5.3. Stochastic Uncertainty

[68] The stochastic variability in simulated future runoff is directly linked to future climate forcing, whose stochasticity can be derived from the climate statistics obtained from downscaled GCMs [Fatichi et al., 2011, 2013]. Table 3 shows that the stochasticity in temperature is very low, with a standard deviation in mean decadal temperatures of only 0.1°C for the Hunza River Basin (Table 3, control period and GCMs 2041–2050). The standard deviation in observed monthly mean temperatures is rather low also for the present (Figure 2). Stochasticity in temperature can thus not explain the stochastic variability in simulated runoff. The situation is different regarding precipitation: the stochastic uncertainty in liquid or solid precipitation exceeds the effect of the assumed parametric uncertainty on precipitation (Table 3, e.g., the standard deviation in Hunza 2041–2050 PrecS is more than 2 times larger in CGCM3 stochastic simulations than due to ±10% parameter uncertainty). In comparison to the control period, the standard deviation of solid and liquid precipitation increases in the future according to all GCMs (except for MIROC3 and solid precipitation). The higher probability of the occurrence of particularly wet or dry years is therefore responsible for the increasing uncertainty in projections about future decadal mean runoff (stochastic uncertainty in Figure 8).

5.4. Glacier Mass Balance and Climatic Input

[69] According to the modeling results, the total mass of glaciers in the Hunza River Basin is more or less stationary during the control period (Table 3; mean GMB Hunza 2001–2010: +0.12 m/yr). This is in accordance with recent studies based on geodetic mass balance observations [Gardelle et al., 2012; Kääb et al., 2012], which reported relatively stable glacier mass balance for the Karakoram for the early twenty-first century. However, Table 3 shows also that there are strong differences among subregions: while simulations indicate negative glacier mass balances in the north of the study catchment for the control period (Ziarat: −2.07 m/yr, Kunjerab: −0.31 m/yr), stable mass balances are calculated for the southwest (Naltar: −0.09 m/yr) and positive glacier mass balances for the southeast (Hispar: +0.45 m/yr, Shimshal: +1.13 m/yr). Such a strong spatially variable response of glaciers to climate change has been described previously by Scherler et al. [2011b], who used repeated satellite images to track glacier changes and found that 58% of the studied glaciers in the Karakoram were advancing or stagnant, while 42% of them were retreating. Sarikaya et al. [2013, 2012] identified a spatial trend in glacier fluctuations within northern Pakistan, with shrinking glaciers in the west and a greater frequency of advancing glaciers toward the east. This west-east gradient agrees with the pattern of simulated glacier mass balances in this study: Ziarat in the northwest shows more negative mass balances than Kunjerab in the northeast of the study catchment, and mass balances simulated for the subregions in the southeast (Hispar) and east (Shimshal) are more positive than in the southwest (Naltar). In glacier surveys by Hewitt [2005], 13 glaciers in the southeastern Karakoram (including three glaciers in the Shimshal valley, two Hispar glaciers, and two glaciers in Naltar) were found to be growing; some of the larger glaciers exhibited a thickening by 5–15 m over substantial ablation zone areas within only 5 years. Although glacier advances and elevation rise in the ablation zone may be the consequence of glacier surges [Mayer et al., 2011], these observations might also be an indication of positive mass balances, as mass balance has an important control on the frequency of glacier surging [Copland et al., 2011].

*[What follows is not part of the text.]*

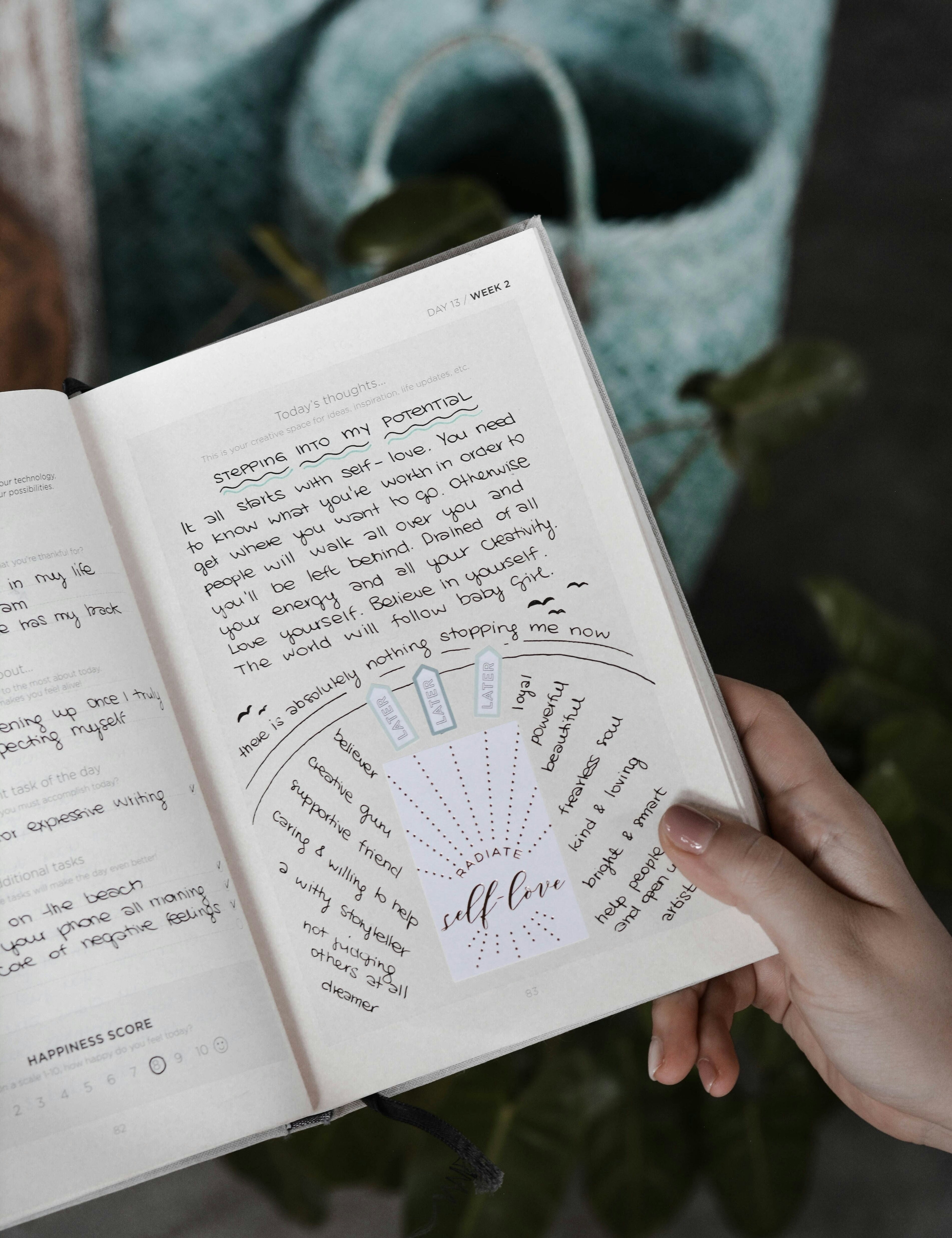 Authentic Happiness: Why Self Love is Key to Embracing Yourself and Living Your Best Life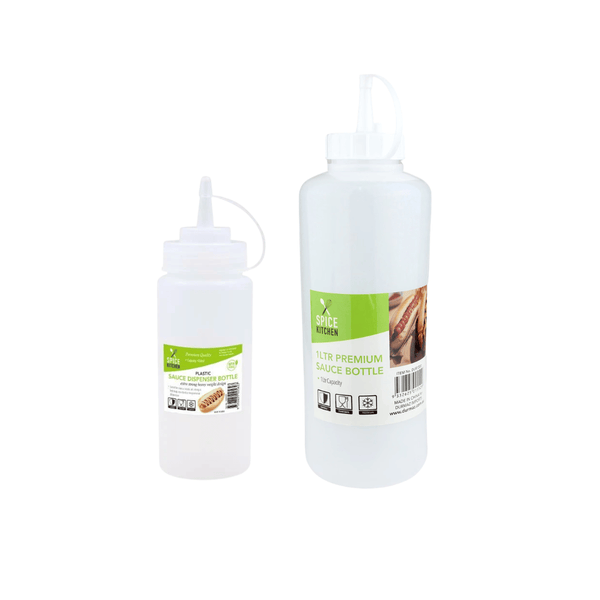 Premium Squeeze Sauce Bottle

[70] The studies cited above confirm the plausibility of TOPKAPI-ETH simulations and indicate that the climatic input provided by the three stations might represent adequately the climate within the Hunza River Basin. However, the value of 1.13 m annual mass gain for Shimshal glaciers is very high. Likely, precipitation in the Shimshal basin is overestimated when using Naltar climate data and linear precipitation gradients. Winiger et al. [2005] identified the “Batura Wall” as the main precipitation divide between the wetter West Karakoram rainfall regime and the drier central Asian rainfall regime. Therefore, the northern part of Shimshal valley is likely drier than assumed in our simulations, as supported also by Immerzeel et al. [2012b]. However, no climate data are available for this area. To reduce the uncertainty due to the low density of meteorological stations, climate data representative of high-elevation regions, both South (Hispar) and North (Shimshal) of the Batura wall, are required.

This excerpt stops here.